In arguing that the Sycamore is programmable, Google goes to great lengths to prove that it could be made to behave like any quantum circuit. This would make the Sycamore really really powerful, but there are two important caveats. Yes, the Sycamore can imitate any quantum circuit, but (a) only up to a width of 53 qubits and more importantly (b) the imitation will be noisy and leak quantum information. This leakage of quantum information unfortunately makes the Sycamore not powerful enough to run any of the known useful quantum algorithms at sizes that will be difficult for traditional computers — including the ‘quantum amplification’ schemes that will lend quantum computers real power. The Sycamore is just about powerful enough to run the totally made-up task specifically made to show that there is some task on which a quantum computer wins. The Sycamore, though, is the most powerful a quantum computer has ever been, and so Google's absolutely real technical achievements are quite amazing.

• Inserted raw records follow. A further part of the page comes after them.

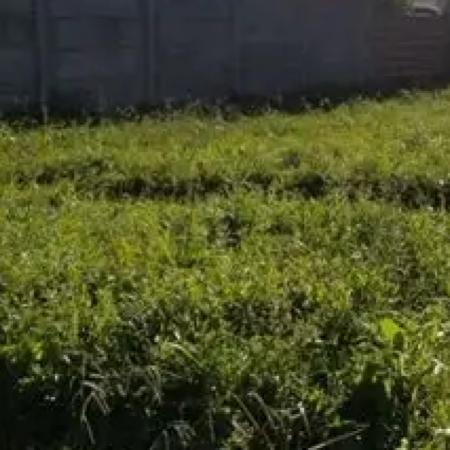 A un año de la ordenanza, los loteos ilegales siguen siendo un problema en La Plata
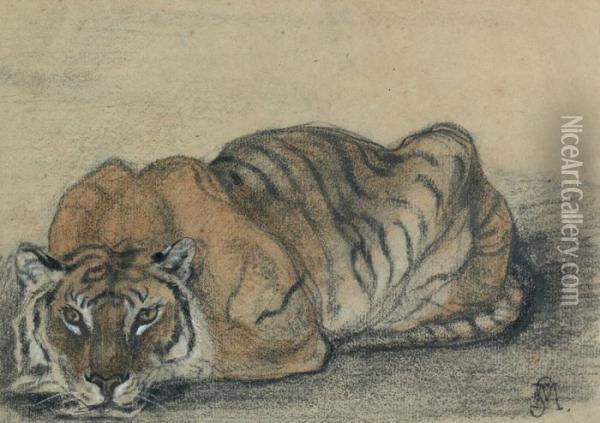 Etude De Tigre Allonge Oil Painting - Charles Edme Saint-Marcel-Cabin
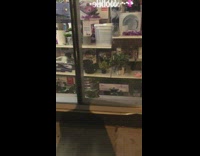 Rat crawls inside kitchen store 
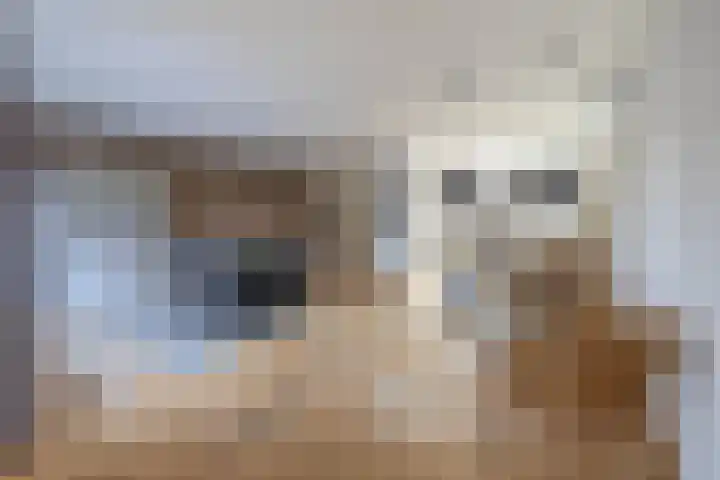Kasteellaan 39 Tegelen thumbnail 13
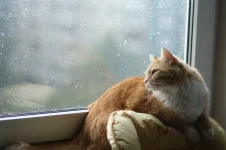 pmqi_pDhVmw.webp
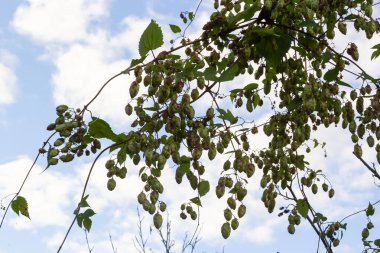 Humulus lupulus kenevir familyasından bir bitki türüdür. Vahşi doğada yetişen ve tarım endüstrisinde yetiştirilen tıbbi bir bitki..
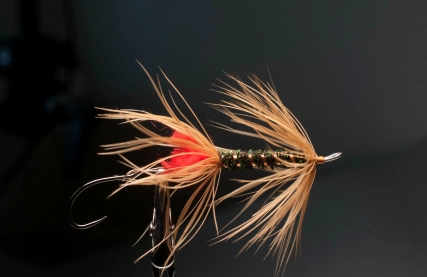 Red Tag Intruder Red Tag Intruder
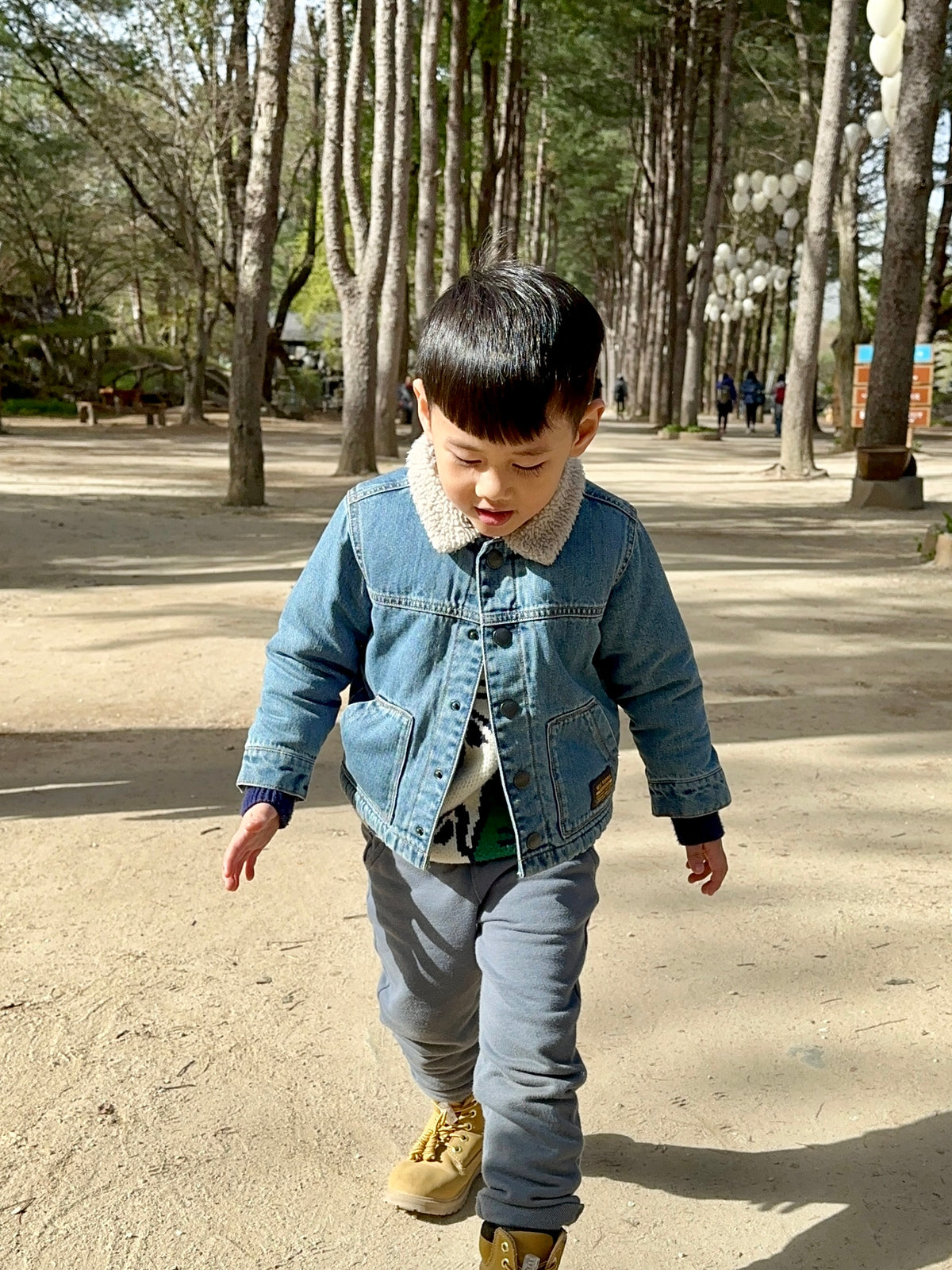 Wren Denim Borg Collar Jacket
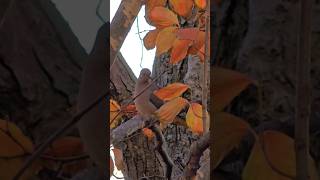 Beautiful Bird on Tree  Bird Chirping Sounds for Stress Relief Sleep [upl. by Nifled265]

(Interestingly there is a proposal by Scott Aaronson (who graciously pointed out inaccuracies in a previous version of this blog) about how this totally made-up task can be used to do something useful — to create ‘provably random’ numbers. Essentially a task that can be performed realistically only by quantum sampling (like the task on which the Sycamore wins), must have been performed by quantum sampling. The output of this task must have then come about by quantum collapse, which physicists accept to be the de-facto definition of randomness. Somewhat ironically, actually proving the randomness of the generated provably random number requires massive computation on a traditional supercomputer!)
In conclusion …
Google's achievement in the Sycamore project is great and advances the field of quantum computing both theoretically and practically. But in the long march towards real quantum supremacy, the medal of 'quantum supremacy' has been won ‘on a technicality’.
In their paper, Google cites a widely held belief in quantum computing circles that while the power of traditional computers is increasing exponentially, the power of quantum computers is increasing doubly exponentially. The argument is as follows: qubits in quantum computers will grow exponentially, and thus the computing power of quantum computers — which itself grows exponentially with increasing qubits — will grow doubly exponentially. I personally have a tough time subscribing to this view because it disregards the pesky problem of quantum information leakage: the very problem that causes Google Sycamore's quantum fidelity to be so low. If double exponentiality turns out to be true, then quantum computers will one day surpass traditional computers. But the arguments for and against this belief are both anecdotal, which is a way to say no one knows what will actually happen.
So is it time to put down our CPUs and our GPUs and go fully quantum in all (or some) of our projects? No. Absolutely not. Not yet anyway. Will quantum computers one day beat traditional computers? No one knows. We are all guessing. Only time will open that box. But if the information leaks, we will be sure to let you know!